Let $\{u_n\}_{n \in \mathbb{N}} \subset W^{1,p}(\Omega)$ for $p \in (1, \infty)$ and $\Omega \subset \mathbb{R^n}$ open, bounded.
If $u_n \to u^* \in L^p(\Omega)$ and $\nabla u_n \to 0 \in L^p(\Omega)$. Is it true that $u^* \in W^{1,p}(\Omega)$ and $\nabla u^* = 0$?
If the answer is yes, why does this hold? In particular, why does $u^*$ need to be weakly differentiable and why is the weak derivative given by the limit of $\nabla u_n$?

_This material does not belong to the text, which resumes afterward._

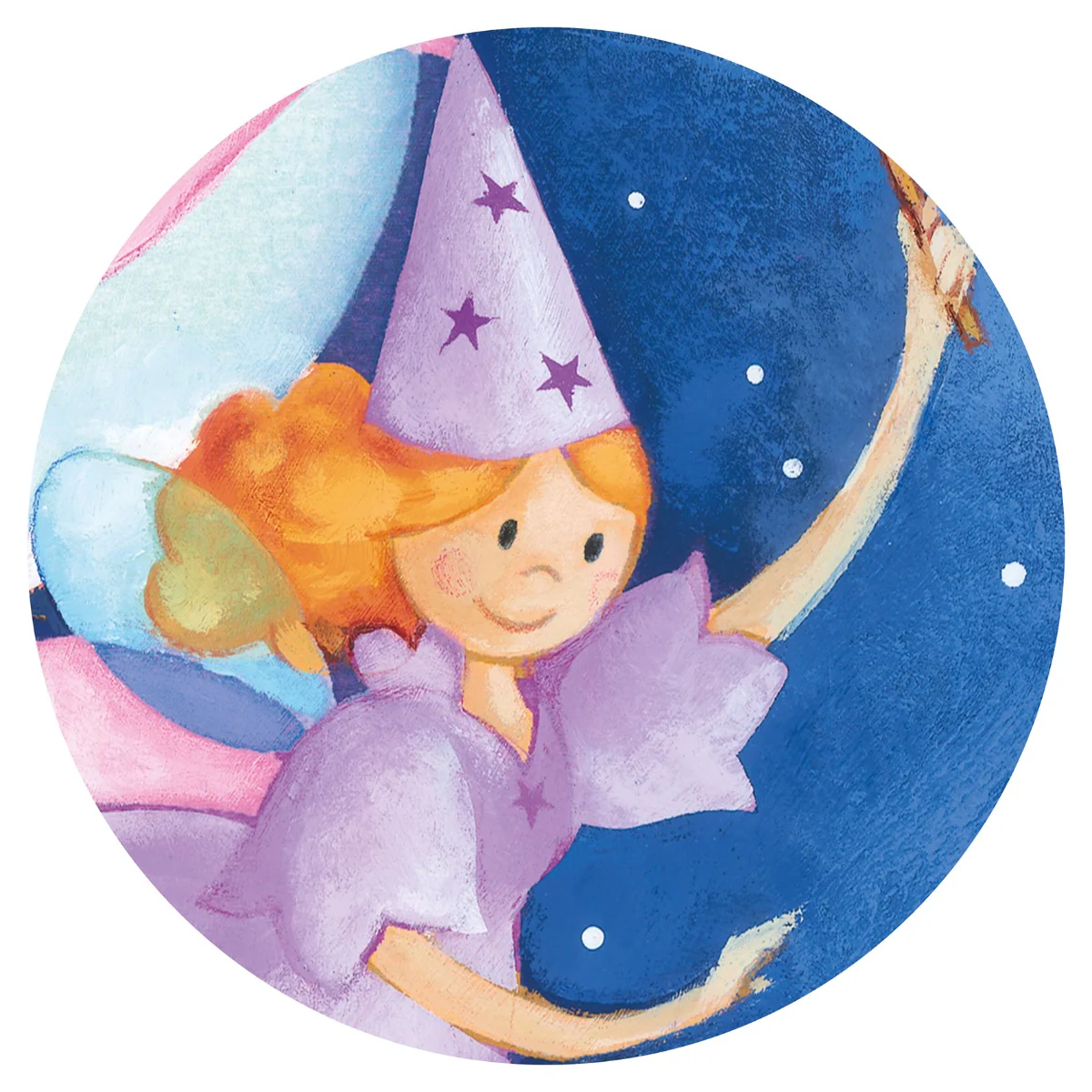 Djeco Silhouette Puzzle Fairy & Unicorn - Image 4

If $\nabla u^*$ exists in a weak sense and is equal to $0$ then $\nabla u^*\in L^p$ and so $u^*\in W^{1,p}(\Omega)$. So it suffices to prove that $$\int_{\Omega}u^*\partial_i\varphi=0\qquad \forall \varphi \in C_c^{\infty}(\Omega) $$ We know that $$ \int_{\Omega}u_n\partial_i\varphi=-\int_{\Omega}\varphi\partial_iu_n$$ so it suffices to show the following convergences (can you?) $$\int_{\Omega}u_n\partial_i\varphi \to \int_{\Omega}u^*\partial_i\varphi,\qquad \int_{\Omega}\varphi \partial_iu_n\to 0 $$ and then the thesis follows.